Work task: Return the lines of the data below, from the one containing "alien alien female" through the very last, exactly and with both ends included; no pictures.

Recorded information:
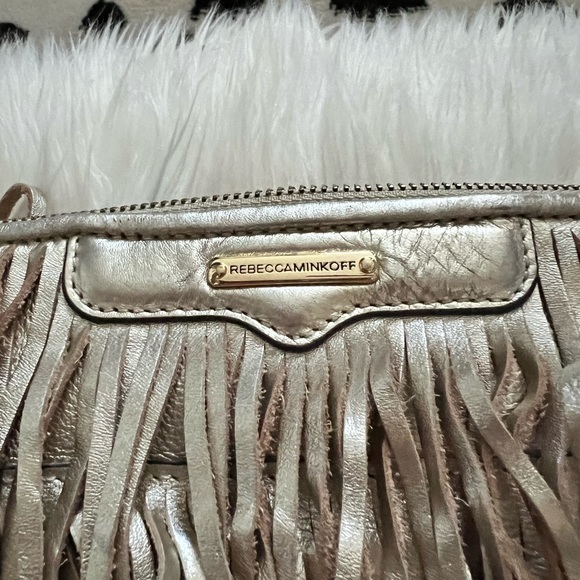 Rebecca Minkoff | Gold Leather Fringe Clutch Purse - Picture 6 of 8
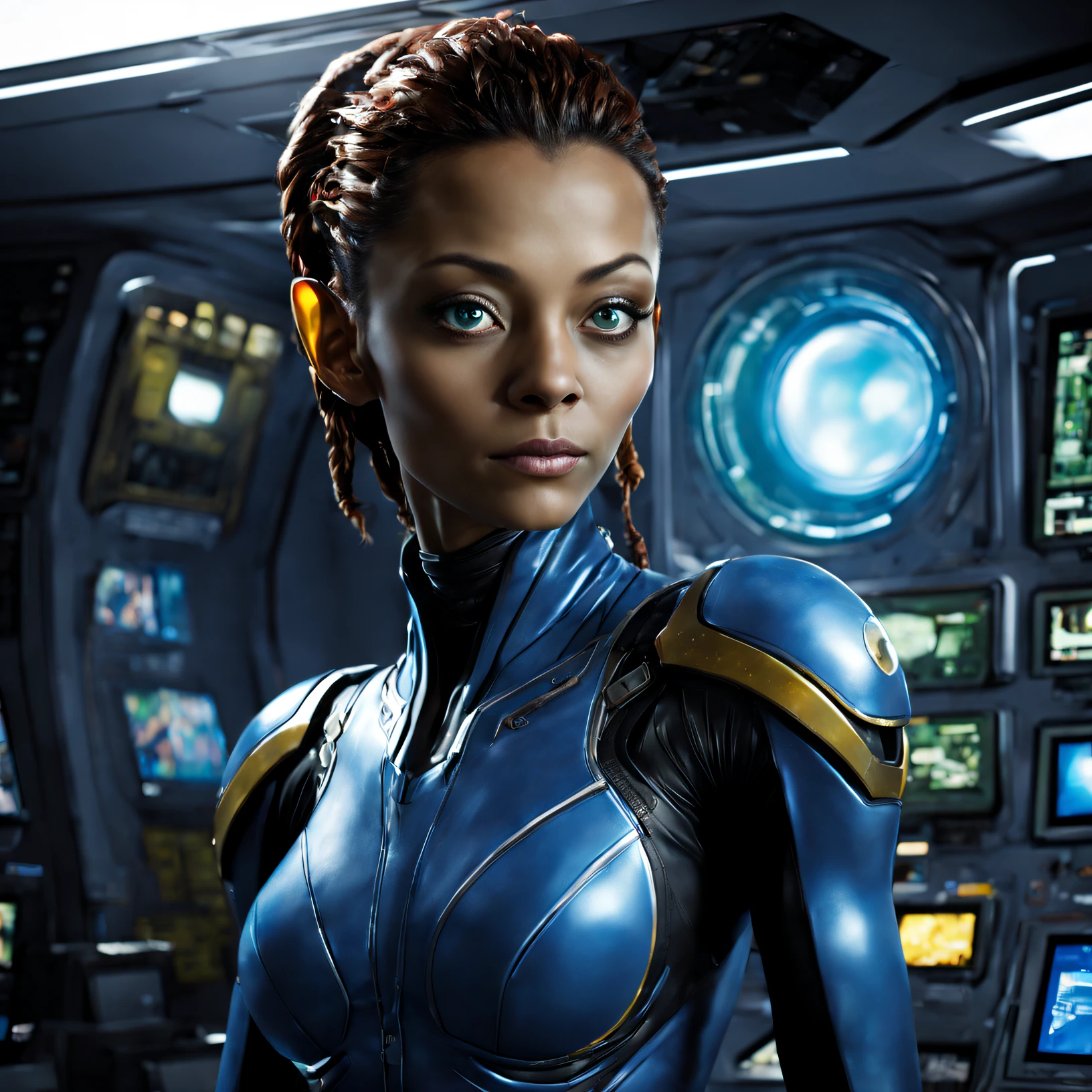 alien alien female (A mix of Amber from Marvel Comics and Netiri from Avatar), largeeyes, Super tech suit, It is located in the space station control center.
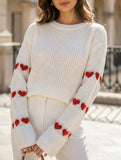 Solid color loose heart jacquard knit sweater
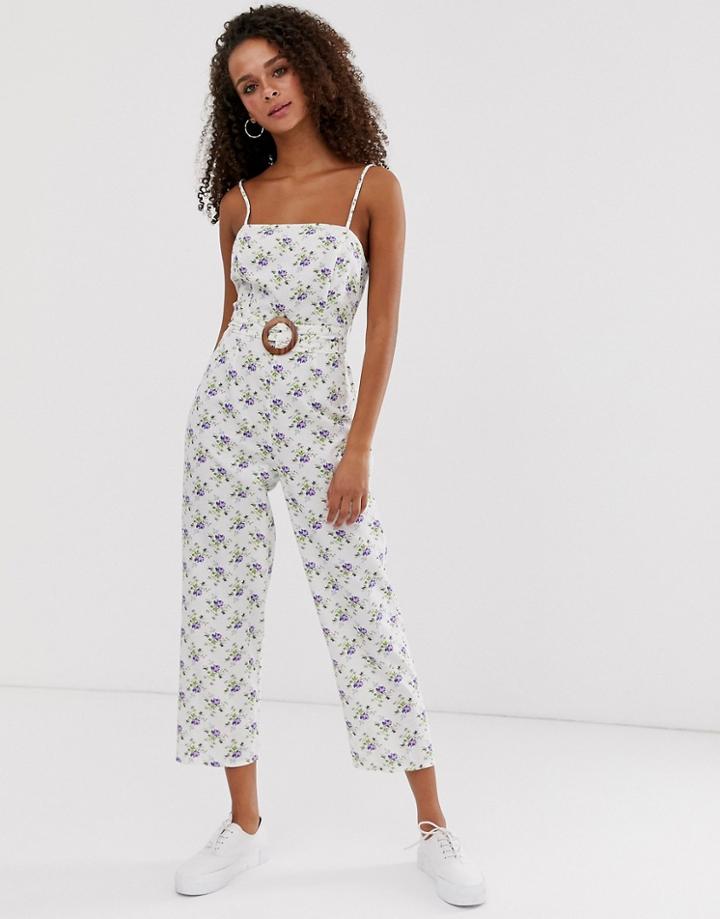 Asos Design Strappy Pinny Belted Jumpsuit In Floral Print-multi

Result of the exercise:
 alien alien female (A mix of Amber from Marvel Comics and Netiri from Avatar), largeeyes, Super tech suit, It is located in the space station control center.
 Solid color loose heart jacquard knit sweater
 Asos Design Strappy Pinny Belted Jumpsuit In Floral Print-multi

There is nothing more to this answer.